--- Task statement ---
The reply must contain exactly the lines below from the one with "Air Duct Cleaning in" down to the one with "hệ vàng Việt", both included, and nothing more; please omit the pictures.

--- Data excerpts ---
------------------------

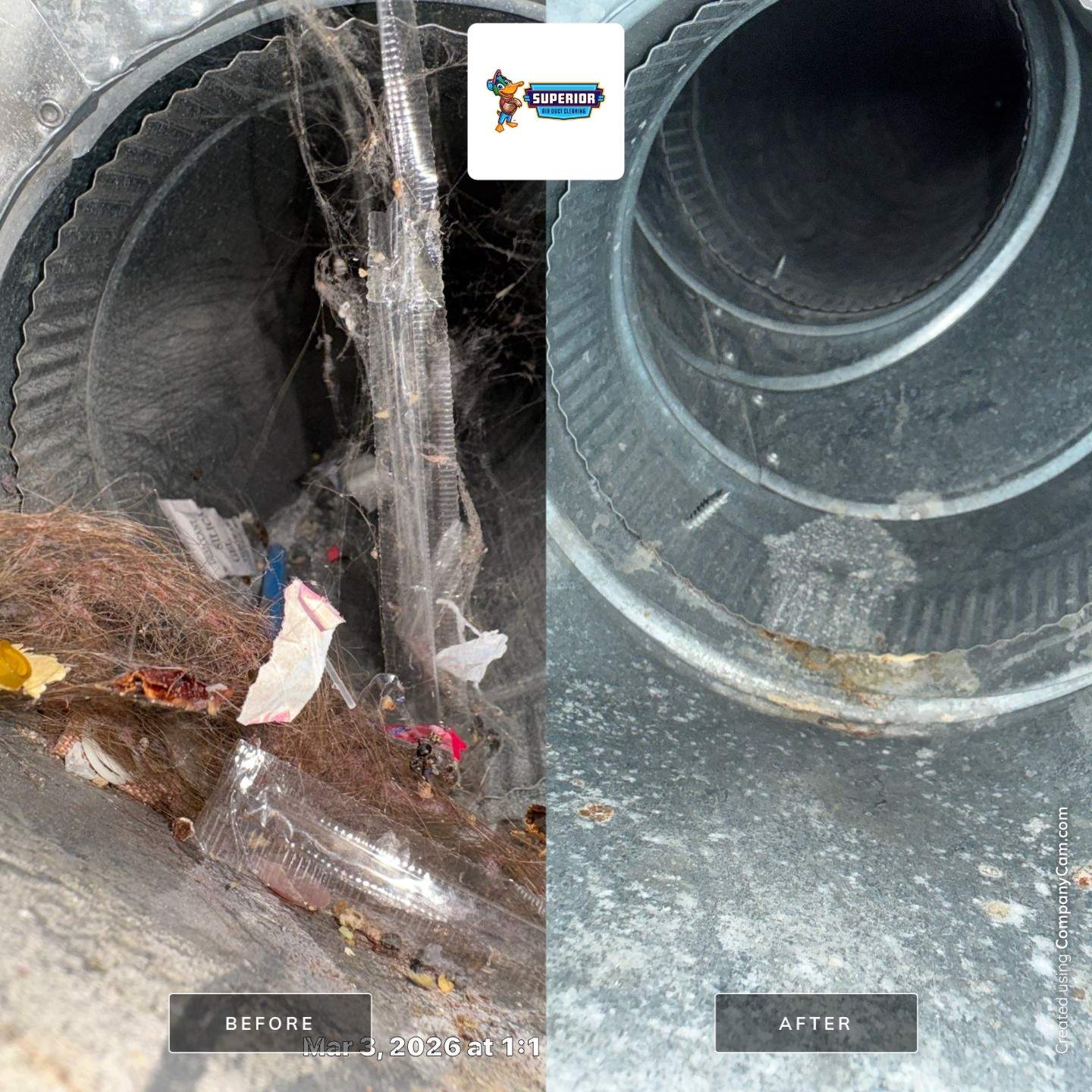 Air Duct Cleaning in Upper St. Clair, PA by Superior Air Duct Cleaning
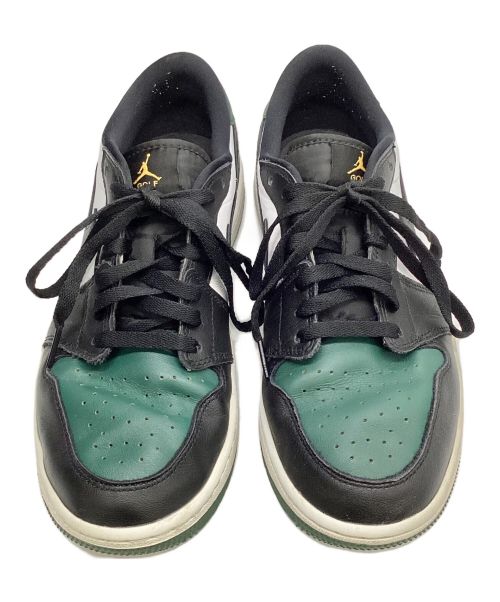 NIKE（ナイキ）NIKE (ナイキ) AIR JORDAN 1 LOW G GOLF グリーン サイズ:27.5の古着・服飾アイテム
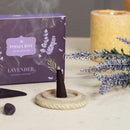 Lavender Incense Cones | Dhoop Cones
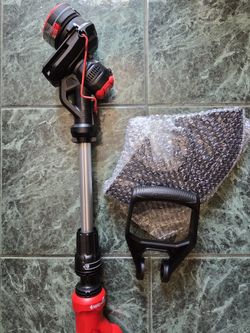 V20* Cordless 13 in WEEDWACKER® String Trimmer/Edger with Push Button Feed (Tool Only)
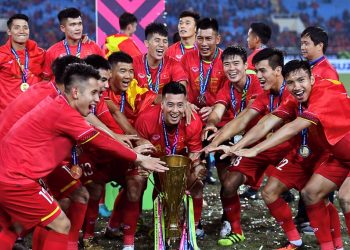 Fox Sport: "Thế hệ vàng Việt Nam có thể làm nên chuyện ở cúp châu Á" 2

------------------------

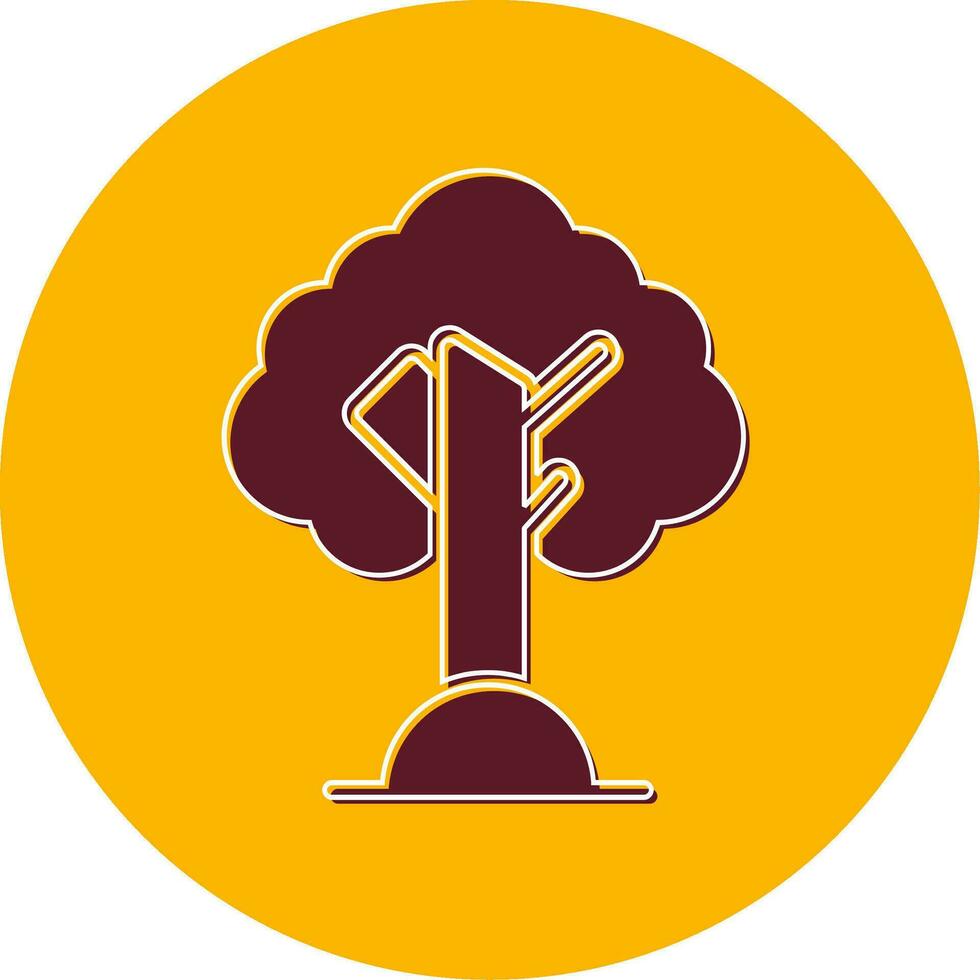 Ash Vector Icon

------------------------

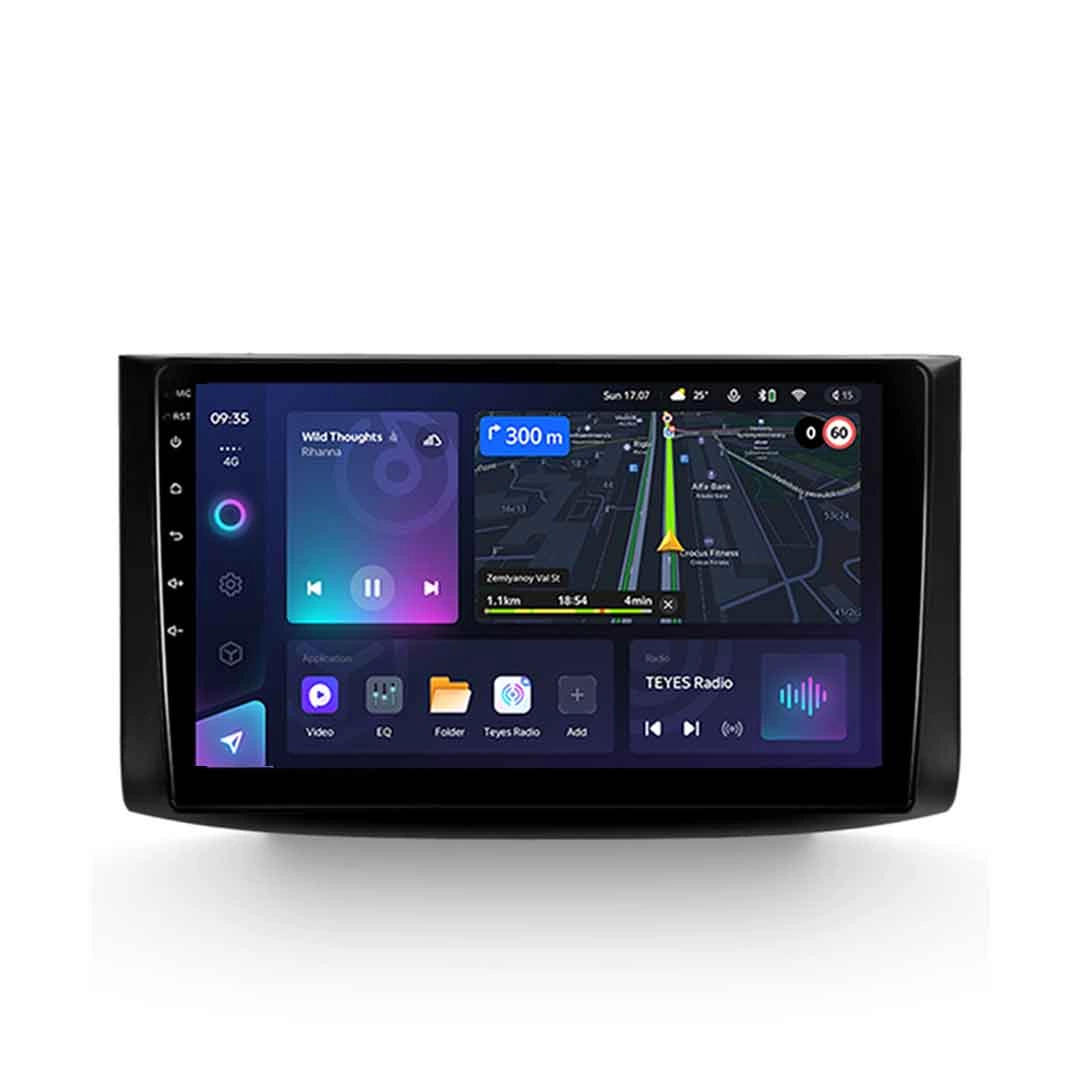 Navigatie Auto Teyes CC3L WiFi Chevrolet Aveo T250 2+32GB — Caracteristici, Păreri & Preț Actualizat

------------------------

--- Result of this exercise ---
 Air Duct Cleaning in Upper St. Clair, PA by Superior Air Duct Cleaning
 NIKE（ナイキ）NIKE (ナイキ) AIR JORDAN 1 LOW G GOLF グリーン サイズ:27.5の古着・服飾アイテム
 Lavender Incense Cones | Dhoop Cones
 V20* Cordless 13 in WEEDWACKER® String Trimmer/Edger with Push Button Feed (Tool Only)
 Fox Sport: "Thế hệ vàng Việt Nam có thể làm nên chuyện ở cúp châu Á" 2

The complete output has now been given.